As a solution, a data filtering workshop is required to screen through relevant data and shortlist the logical match. It is important to minutely map data source for each analytical test to avoid getting false positive/negatives.
The 3rd theme is around developing good Data Architecture and obtaining data from various sources in an efficient manner. Most ERP extraction tools have limitation to pull data from multiple sources. For instance, data on customers’ browsing preferences, content consumption, purchasing behaviour and preferred payment medium is available. However, due to unsophisticated platform and silos between various functions, companies fail to generate a consolidated profile on customers. Recently a major global insurance company made a heavy investment of US$300 million to implement advanced big data solution to get a single holistic view on the customer across the enterprise. As a solution, along with the ERP extractor various ETF tools should also be evaluated. Depending upon ERP, some of these are quite – cost-effective and certified by the ERP itself.
The 4th theme is around coding algorithms to extract tangible insights. The most fundamental issue is around flexibility in coding the algorithms to factor in both structured (ERP etc.) and unstructured data (emails etc.) in order to provide – decision-making insights to the reader. A good way is to look for a bespoke solution which is fully customisable in line with user requirements.

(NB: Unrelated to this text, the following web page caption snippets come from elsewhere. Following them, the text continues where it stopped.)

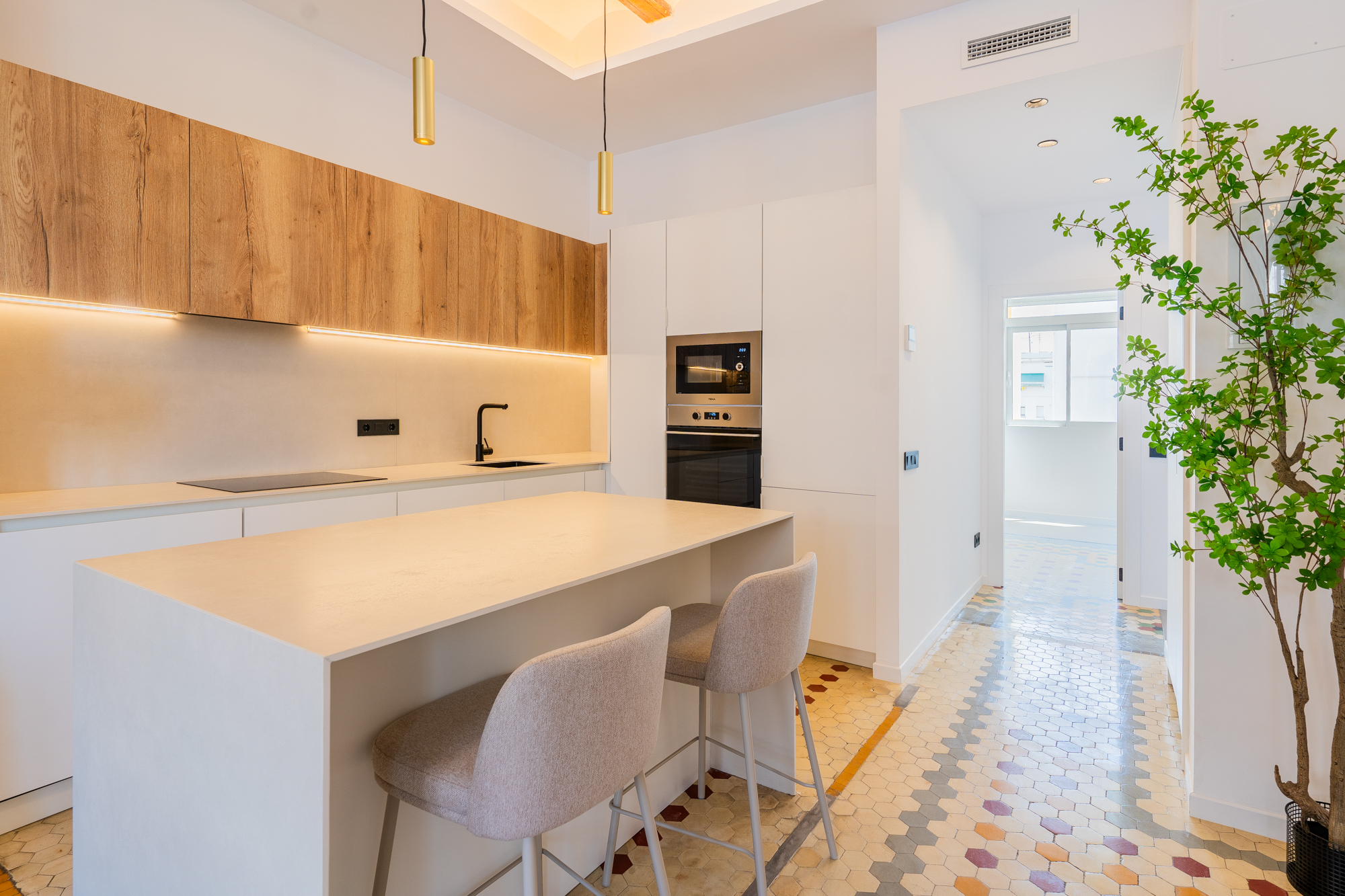 Imagen del proyecto DOMO-VALENCIA-15 (Domoblock)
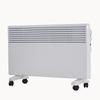 Calentador de convección de pared, calentador eléctrico para baño doméstico, de doble uso, impermeable y a prueba de explosiones, suministro directo de fábrica.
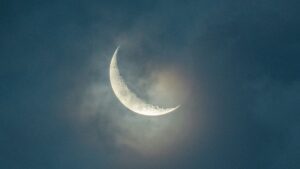 Em que Lua estamos hoje? Satélite vai entrar na fase crescente nesta sexta (1)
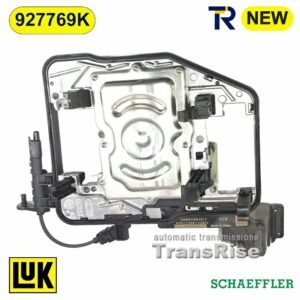 DQ200 0AM 0CW DSG 7 Marca LUK Máxima calidad Unidad de control electrónico de transmisión automática 0AM927769K TCU000769K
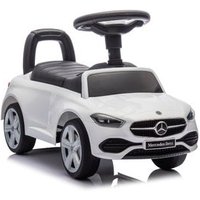 Patinete Eléctrico Mercedes C-Class S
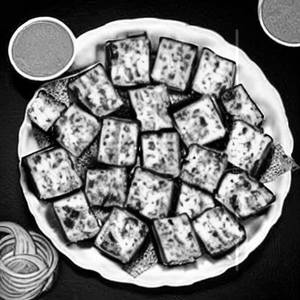 Tandoori Paneer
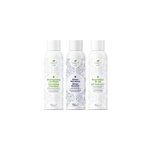 Kit de lissage silver lissa'o 3x100ml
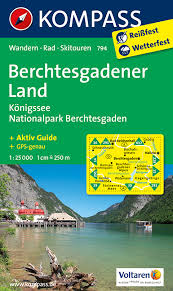 Check spelling or type a new query. Berchtesgadener Land Karte Kompass Konigssee Wanderkarten Aus Osterreich At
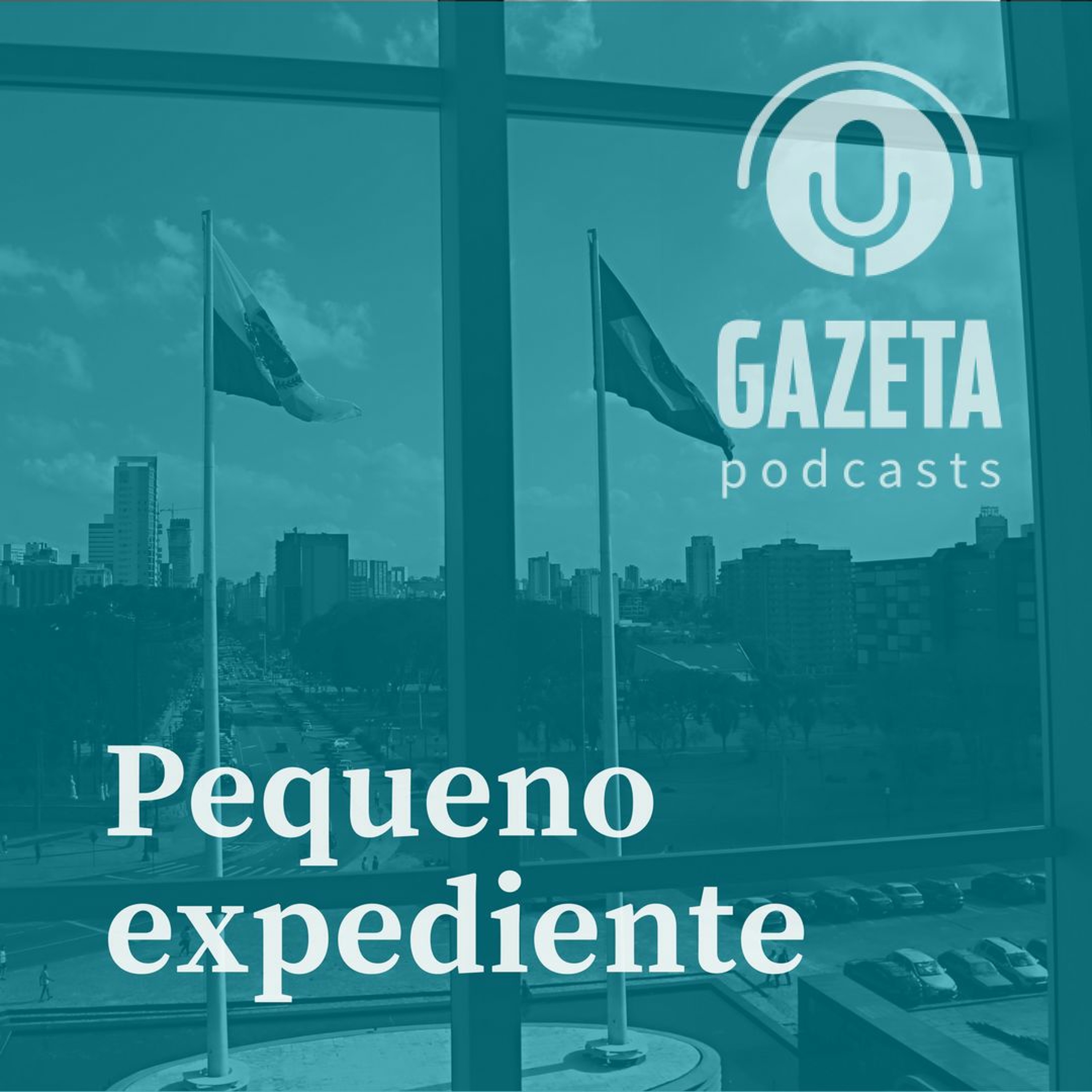 Pequeno Expediente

The 5thand the last theme is around visualisation. The learnings from the data need to be disseminated to the right people in a timely manner. Further, the output should be compatible with handheld devices such as smartphones and tablets where information can be displayed using advanced visualization techniques. A great example where this is effectively used is automotive industry where real-time vehicle diagnostic data (such as tyre pressure, challenges in oil tank, engine or brakes) is used to identify any potential risk. The less-traffic routes and weather conditions are communicated to drivers based on sensor and telematics data. Hence, such analysis should be timely shared with right audience using right visualization platforms to generate value.
To succeed, intelligent adoption is key to avoiding data analytics backlash
In nutshell, though many may claim to understand analytics, only a few have actually mastered it to generate intelligent insights.
Incorrect data can be catastrophic for the user and can cause more harm than good. The data analytics solution should be sophisticated enough to discover opportunities, manage risk and reduce frauds. It should be able to handle complex data while testing its quality using proper monitoring parameters.
Moreover, the data disconnect between different functions of an organization should be addressed through a holistic analysis of data.
There is also a need of competent resources that can deal with the complexities of data. A team with an effective mix of business intelligence professionals, data scientists and visualization experts is required to form data analytics strategy and deal with risks.
Lastly, security of data and privacy has become a major concern for organizations. Companies should effectively manage cyber and regulatory risks which can cause monetary as well as reputational losses. Anonymity, de-identification and encryption are some of the methods to address privacy concerns. Hence, a well-thought of strategy addressing all the themes highlighted above can help the firms to leverage big opportunities from data.